Information supplied ::
============

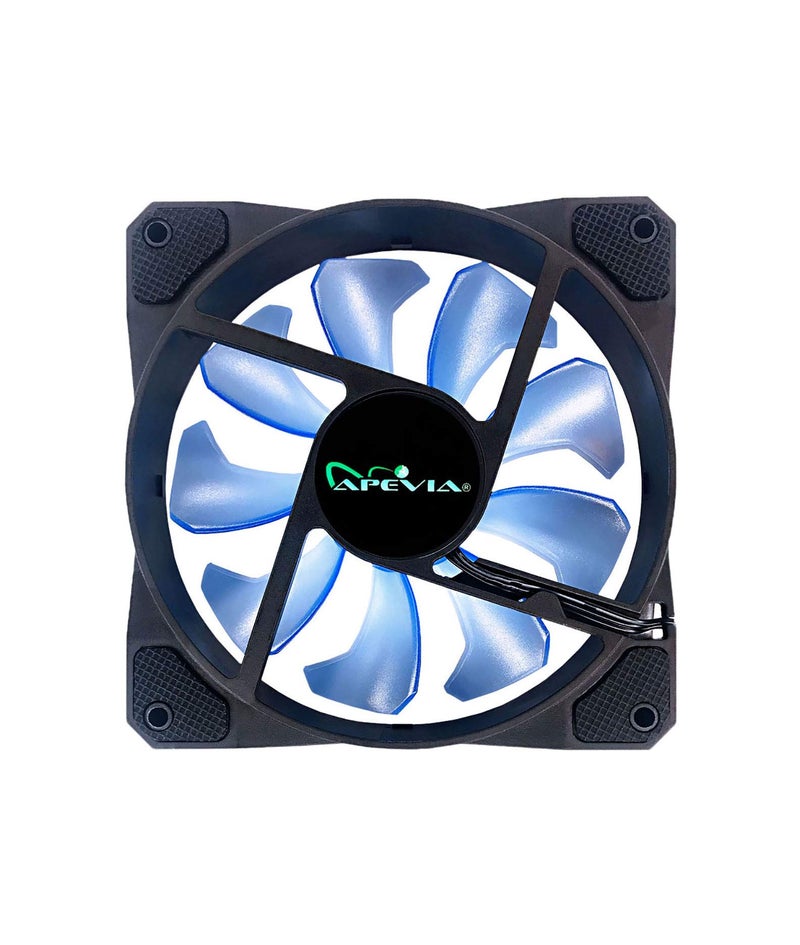 APEVIA CO312L-BL Cosmos 120mm Blue LED Ultra Silent Case Fan w/ 16 LEDs & Anti-Vibration Rubber Pads (3 Pk) - Image 4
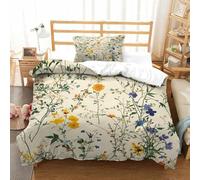 QDZHCPMYK Natural Floral Patterns Duvet Cover Sets 3 PCS Hotel Quality Quilt Cover Bed Sets Bed Covers with Pillowcases with Zipper Closure Ultra Soft Hypoallergenic Microfiber Single(135x200cm)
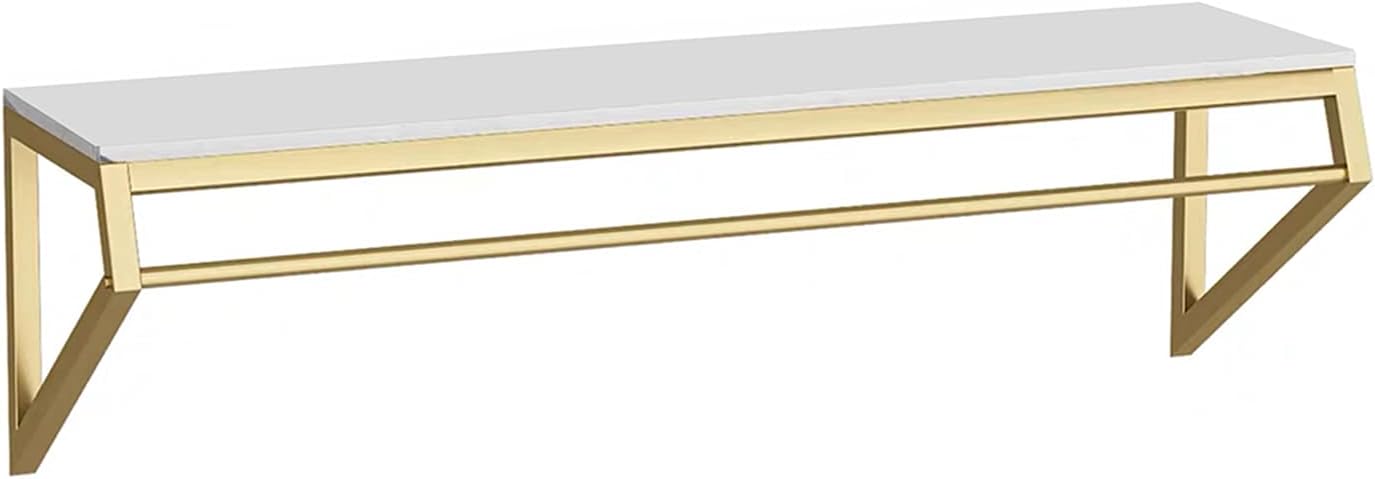 Modern Simple Men's and Women's Clothing Store Heavy Duty Metal Display Shelf,Wall-Mounted Garment Rack with Wood,Clothes Rail,Bathroom Hanging Towel Rack (Gold Square Tube, B-47.2' L)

============

Your task ::
The preceding listing is to be restated word for word, with every picture omitted.

Answer section ::
 APEVIA CO312L-BL Cosmos 120mm Blue LED Ultra Silent Case Fan w/ 16 LEDs & Anti-Vibration Rubber Pads (3 Pk) - Image 4
 QDZHCPMYK Natural Floral Patterns Duvet Cover Sets 3 PCS Hotel Quality Quilt Cover Bed Sets Bed Covers with Pillowcases with Zipper Closure Ultra Soft Hypoallergenic Microfiber Single(135x200cm)
 Modern Simple Men's and Women's Clothing Store Heavy Duty Metal Display Shelf,Wall-Mounted Garment Rack with Wood,Clothes Rail,Bathroom Hanging Towel Rack (Gold Square Tube, B-47.2' L)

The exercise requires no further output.